Awesome

candle-lora

LoRA (low rank adaptation) implemented in Rust for use with Candle. This technique interchanges the fully-trainable layers of the model with new, LoRA layers. These LoRA layers act as a wrapper over the original layers, but freeze the original layers. Because they contain fewer trainable parameters, LoRA allows for more efficient fine-tuning.

However, using a fine-tuned LoRA model for inference will have a negative impact on performance. This is because the original layer must still be used to calculate the outputs. However, for a LoRA model, an algorithm known as weight merging nullifies the added cost of using the fine-tuned LoRA model by merging the LoRA and original weights. Weights may also be unmerged.

Please see our recent paper X-LoRA. We introduce a MoE inspired method to densely gate LoRA adapters powered by a model self-reflection forward pass. For inference, we have created mistral.rs, which is written in Rust and enables inference of X-LoRA and other models including quantized.

Get started

To install, run the following:

cargo add --git https://github.com/EricLBuehler/candle-lora.git candle-lora candle-lora-macro

To allow candle-lora to swap layers, do the following for each model struct
- Derive AutoLoraConvert from candle-lora-macro
- Add the replace_layer_fields attribute macro.
During instantiation of each model struct, call get_lora_model with the appropriate parameters to convert.

Features

Convert Linear, Conv1d, Conv2d, Embedding layers into LoRA layers
- All conversions are implemented in accordance with HuggingFace's official LoRA implementation
Weight merging is implemented to improve inference performance
Weight unmerging
Easy-to-use APIs
Extensible trait-based layer swapping mechanism

Conversion Ergonomics

candle-lora-macro makes using candle-lora as simple as adding 2 macros to your model structs and calling a method!
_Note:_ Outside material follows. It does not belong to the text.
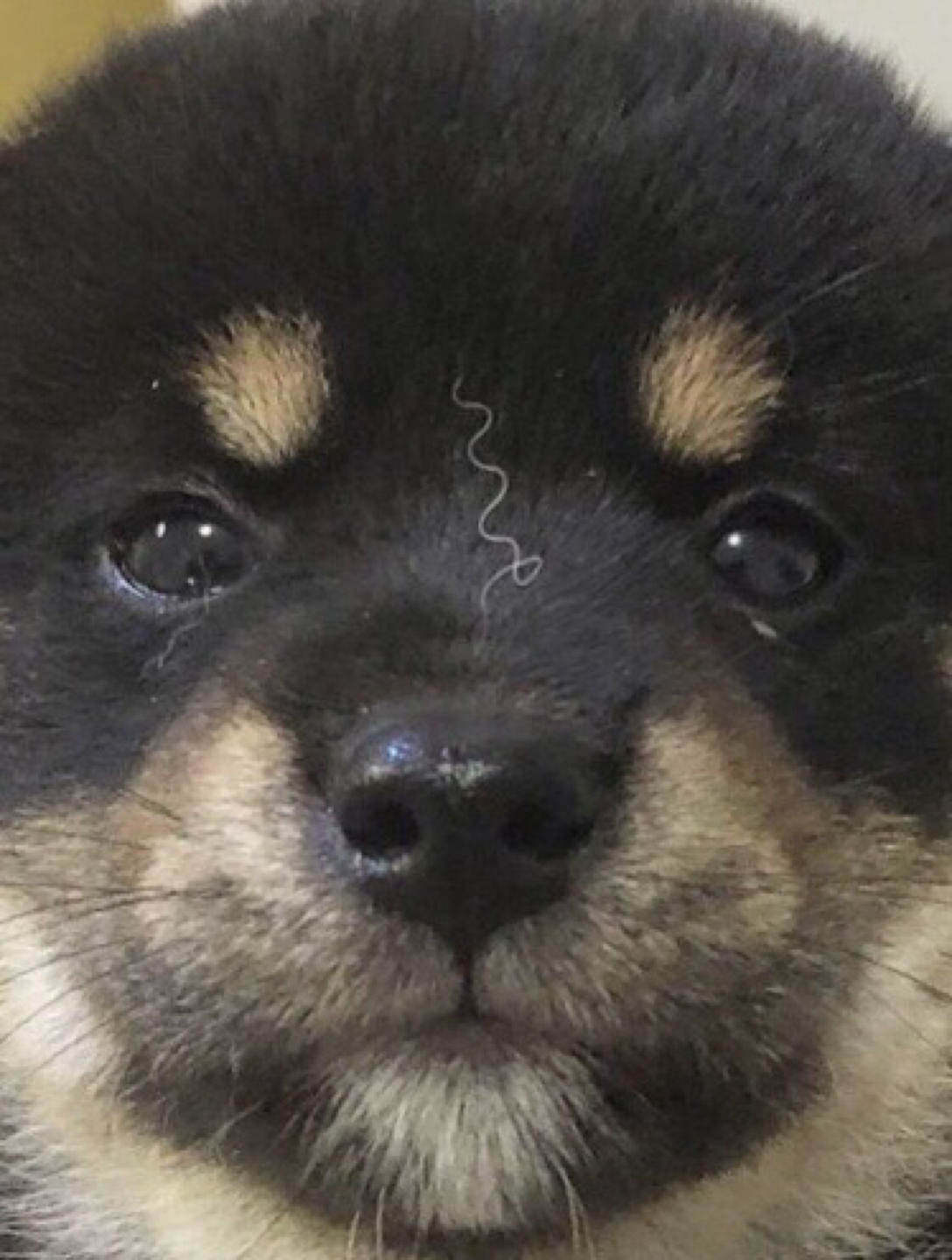 콩이언니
It is inspired by the simplicity of the Python peft library's get_peft_model method. Together, these macros mean that candle-lora can be added to any candle model with minimal code changes!

LoRA transformers

See transformers from Candle which have LoRA integrated here. Currently, the following transformers have been converted:

llama
mistral
falcon
bert
stable_lm
t5
dinov2
resnet
mpt
blip
starcoder

To use a LoRA transformer, simply replace the model from candle-transformers with its counterpart in candle-lora-transformers!

Saving and loading

candle_lora supports retrieving weights for LoRA adapters via the get_tensors method, defined automatically in #[auto_layer_convert]. This function is meant to be used with candle_core::safetensors::save(). To load, simply load the VarBuilder and pass that to get_lora_model.

candle_lora's weight naming is not compatible with peft yet.

Resources

candle-lora's LoRA conversion implementations are based on HuggingFace's peft library. See the original paper here, as well as Microsoft's implementation.